The NEC Group has confirmed that hackers have accessed some of the internal servers that are used by the company’s defense unit. The Tokyo-based tech giant launched an investigation following the detection of unusual activity on their systems, which revealed that a third party had accessed 27445 files. The company claims that these files do not contain any secrets or personal information, but most of them concern technical details about defense equipment such as submarine sensors. NEC is one of the main contractors of Japan’s defense forces, providing them with radar and communication systems, so these documents likely contained relevant schematics and specifications.
Some local news sources claim that the files accessed were actually contracts between NEC and its partners, and didn’t contain any data that could impact the Japanese defense system. With NEC choosing not to clarify what type of data was accessed, everyone is free to deduce anything they like. What the company did clarify though was the time of the attacks, which date to December 2016. NEC was unable to detect the attacks back then and only realized the penetration in June 2017 during their regular checks of the network logs.
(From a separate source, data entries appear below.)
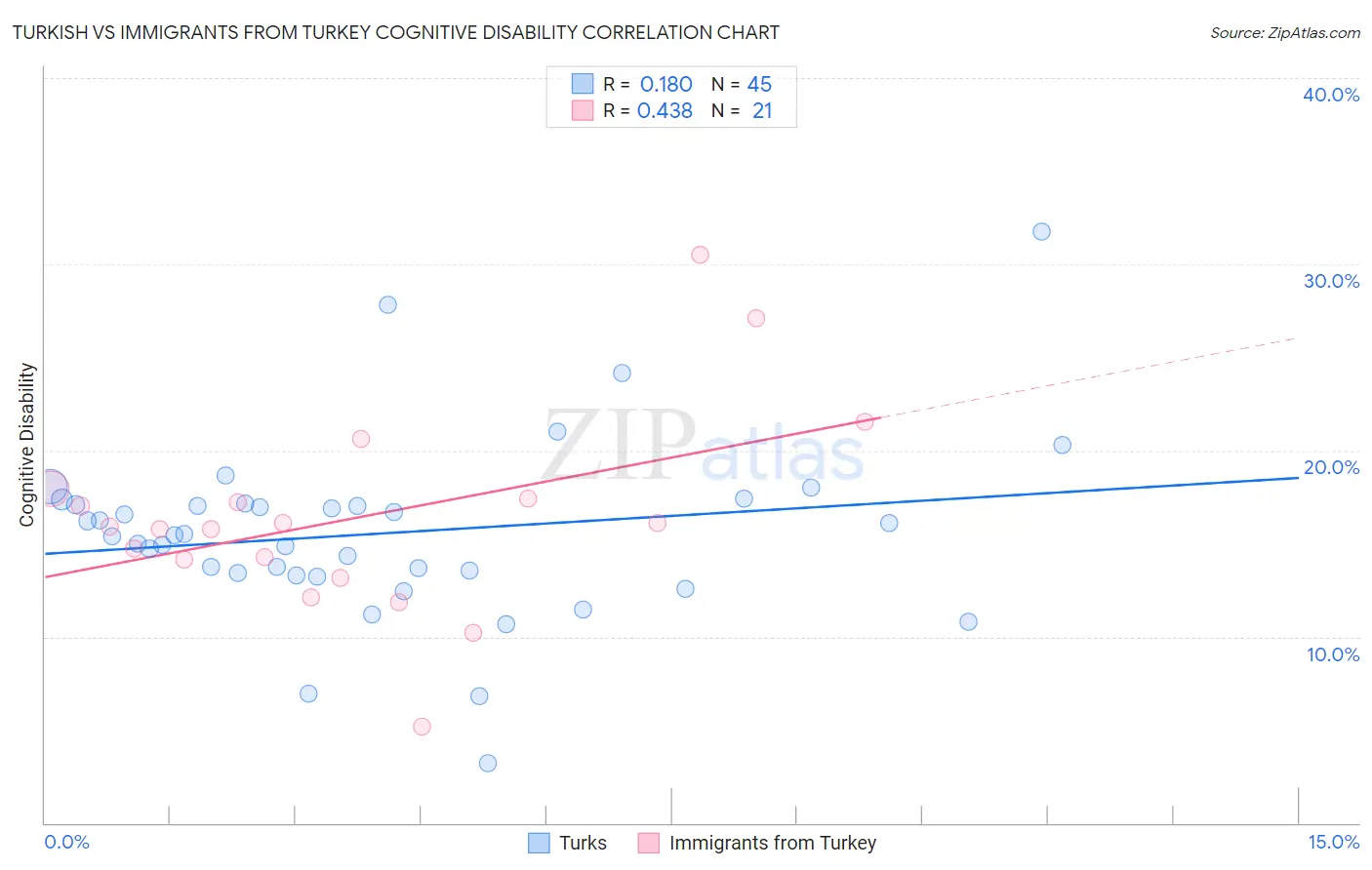 Turkish vs Immigrants from Turkey Cognitive Disability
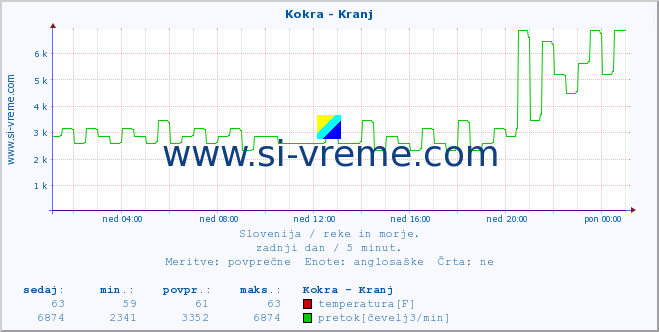 POVPREČJE :: Kokra - Kranj :: temperatura | pretok | višina :: zadnji dan / 5 minut.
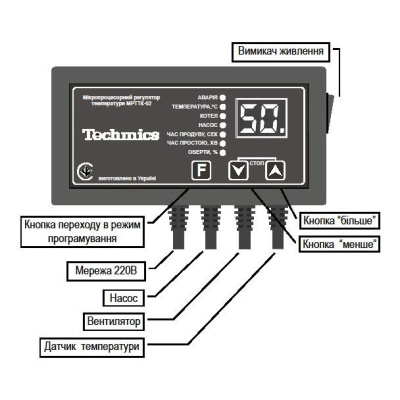 Techmics MPTTK-02 (2)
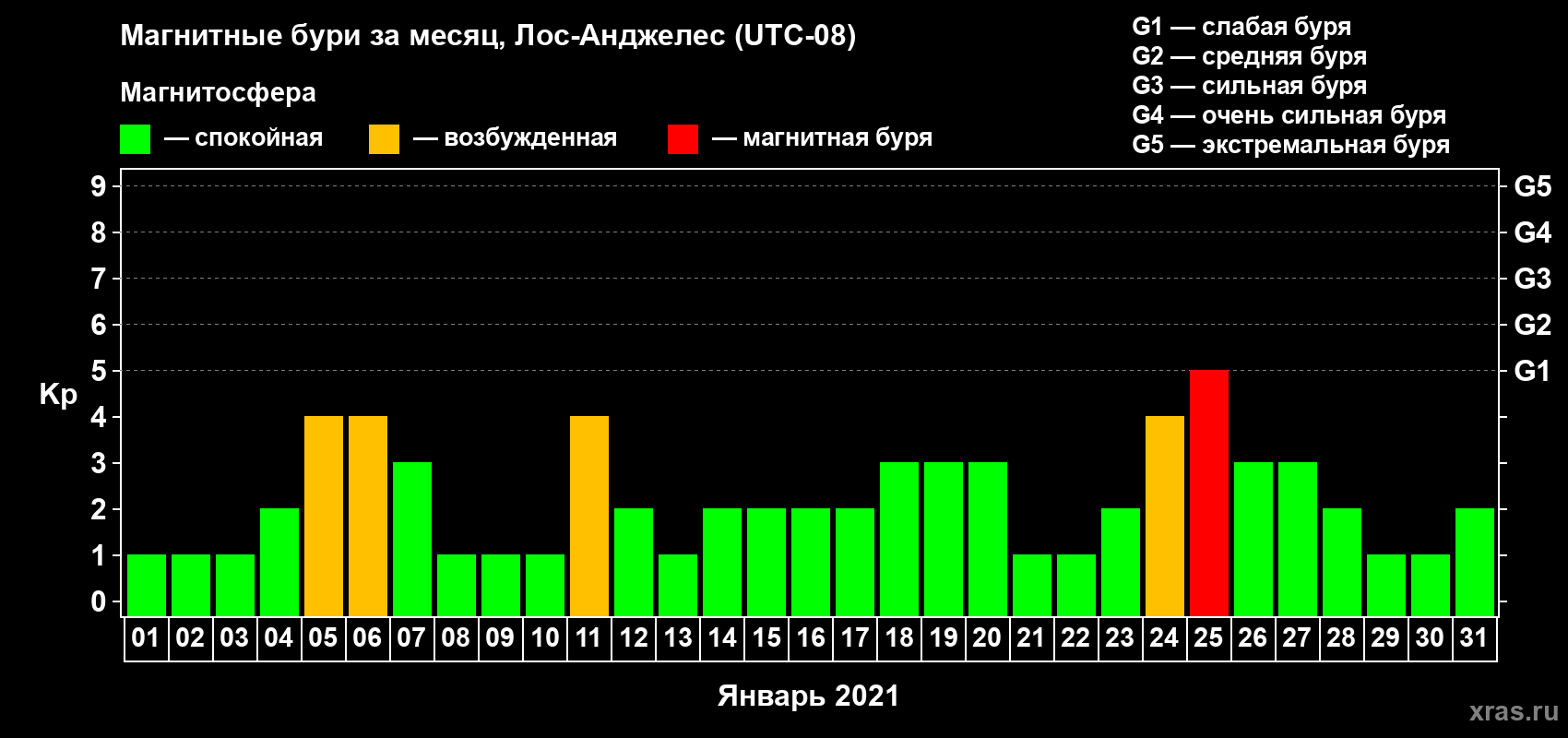 Изменения геомагнитного индекса Kp в январе 2021 года
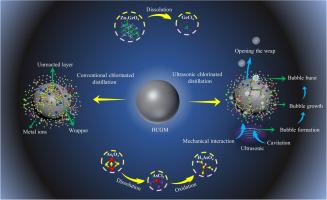 Recovery of germanium by chlorinated distillation of high content germanium materials enhanced by ultrasonic external field and arsenic removal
From then on, NEC’s engineers isolated the infected PCs, deleted the malware, and blocked the infiltrator’s access. After a year, in July 2018, NEC managed to finally decrypt the encrypted communication between their server and the actor’s C2 infrastructure and finally found out about the exact extent of the breach. At that point, NEC informed any individuals who were directly affected by the incident, and the story was kept private and among a limited circle of people. That is until Japanese newspapers who somehow learned about this now decided to make the breach public.
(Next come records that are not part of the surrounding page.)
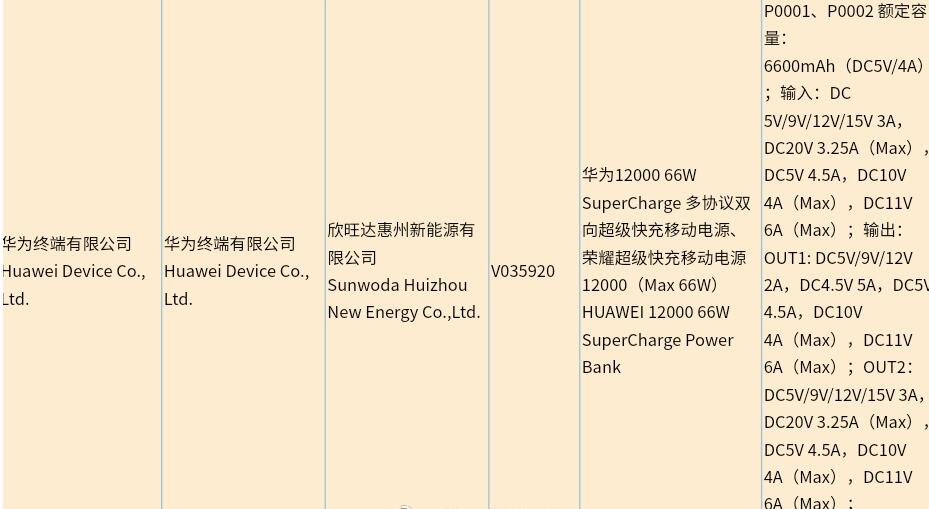 华为Mate 40重磅升级:66W超快充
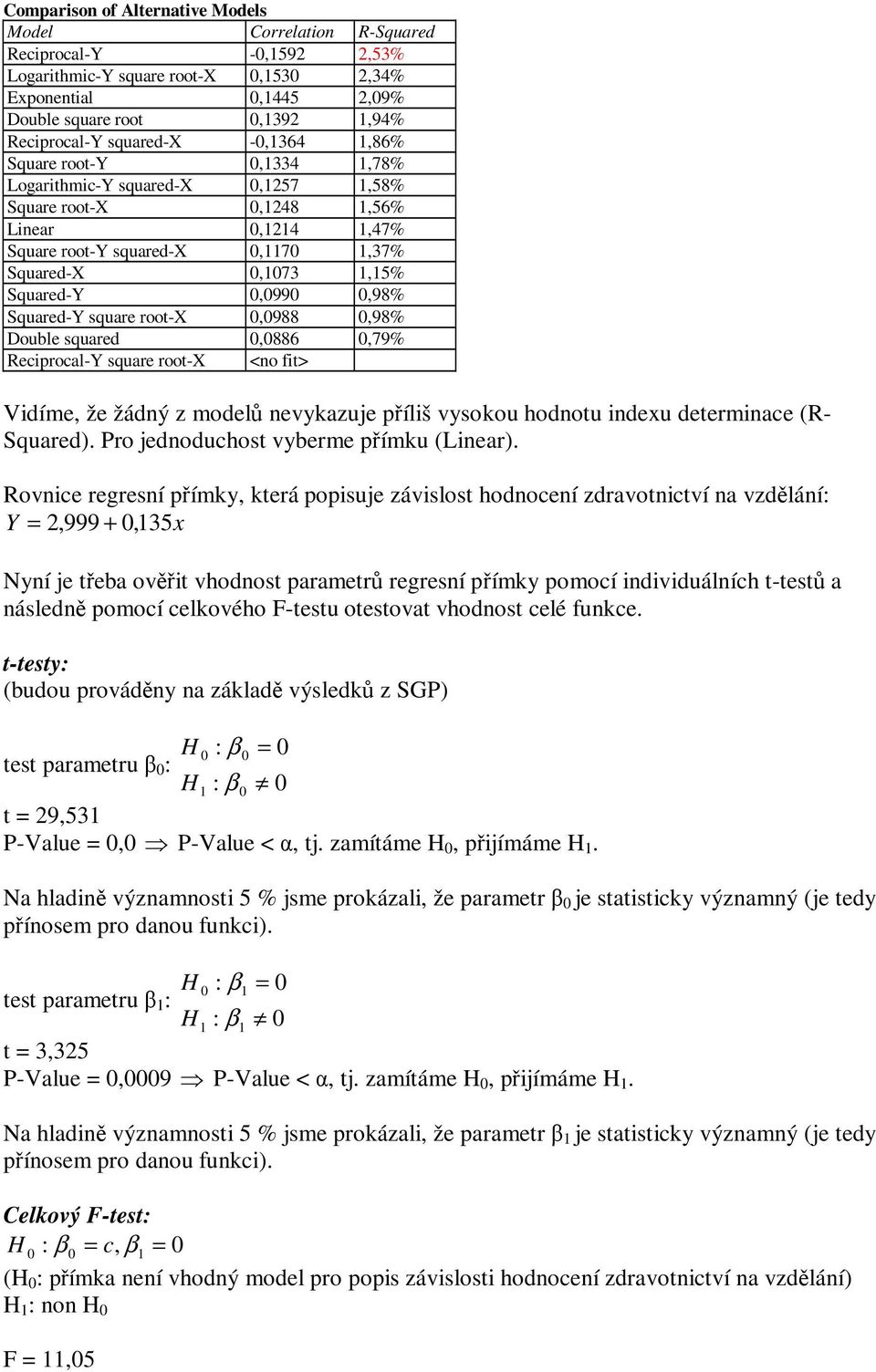 root-x,988,98% Double squared,886,79% Reciprocal-Y square root-x <no fit> Vidíme, že žádný z modelů nevykazuje příliš vysokou hodnotu indexu determinace (R- Squared).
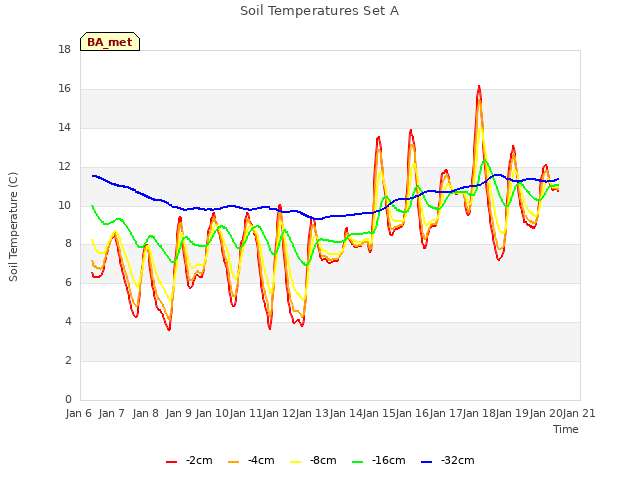 plot of Soil Temperatures Set A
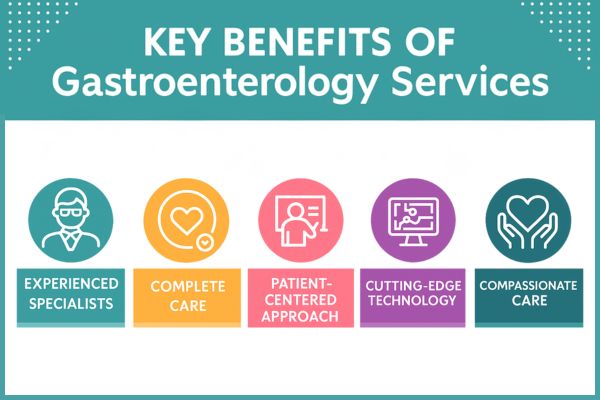 Benefits of Gastroenterology services in mumbai at Bombay Hospital
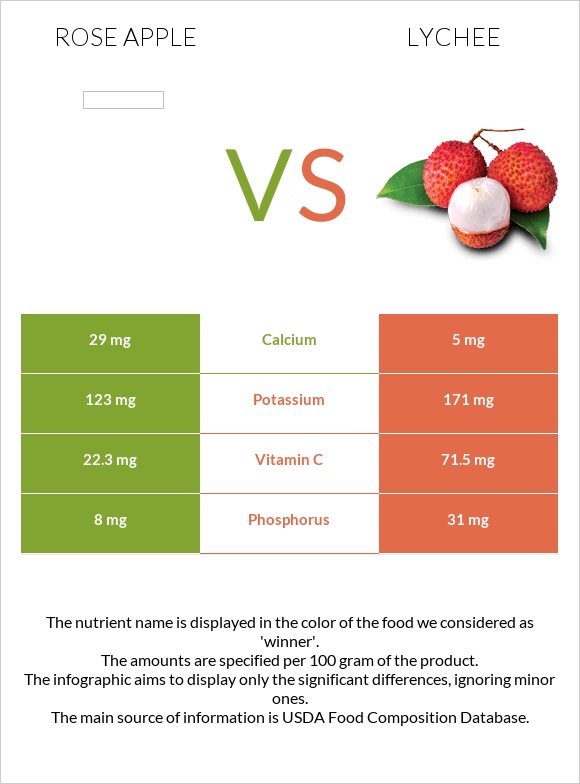 Վարդագույն խնձոր vs Lychee infographic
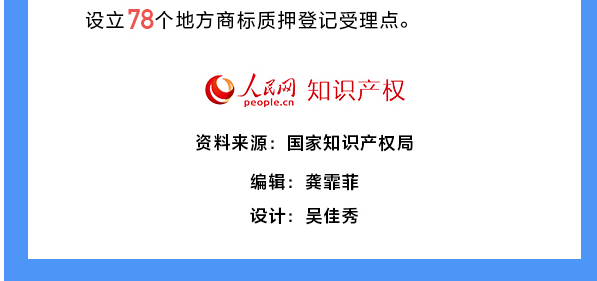 用數據說話!我國知識產權各項工作取得重要進展 用數據說話!我國知識產權各項工作取得重要進展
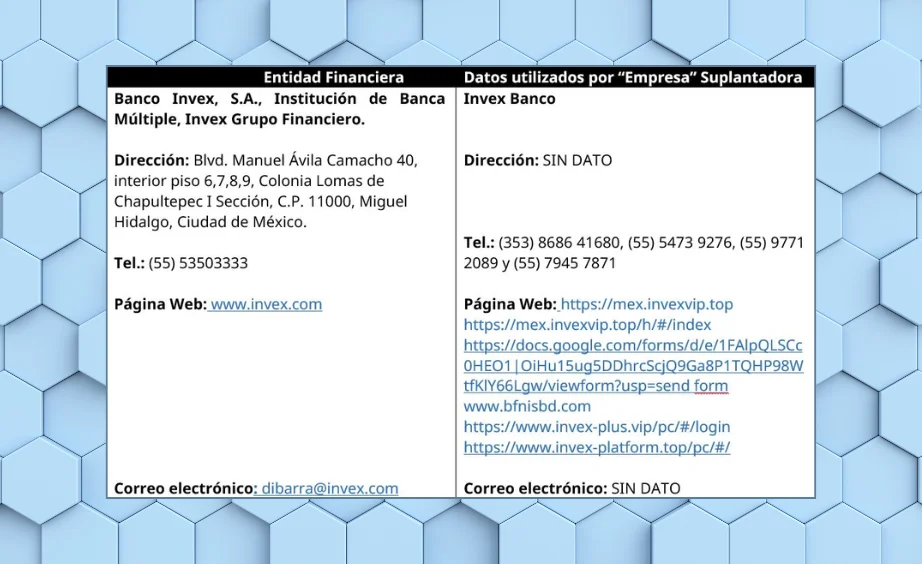 Suplantación banco Invex Suplantación banco Invex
These attacks are usually the work of state actors, possibly from China, who are after tech secrets that help the country’s industry catch up with the competition by stealing invaluable information from it. About ten days ago, Mitsubishi Electric disclosed a breach that was detected in June 2019, and which resulted in the unauthorized access of personal data of thousands of employees. Sources that are close to the company attribute the attack to the Chinese group of hackers known as “Tick”, which goes to show that the Chinese are persistently and systematically going after Japanese trade secrets. The particular cyber-espionage group has previously targeted organizations in South Korea, Russia, Singapore, and even foreign firms in China itself.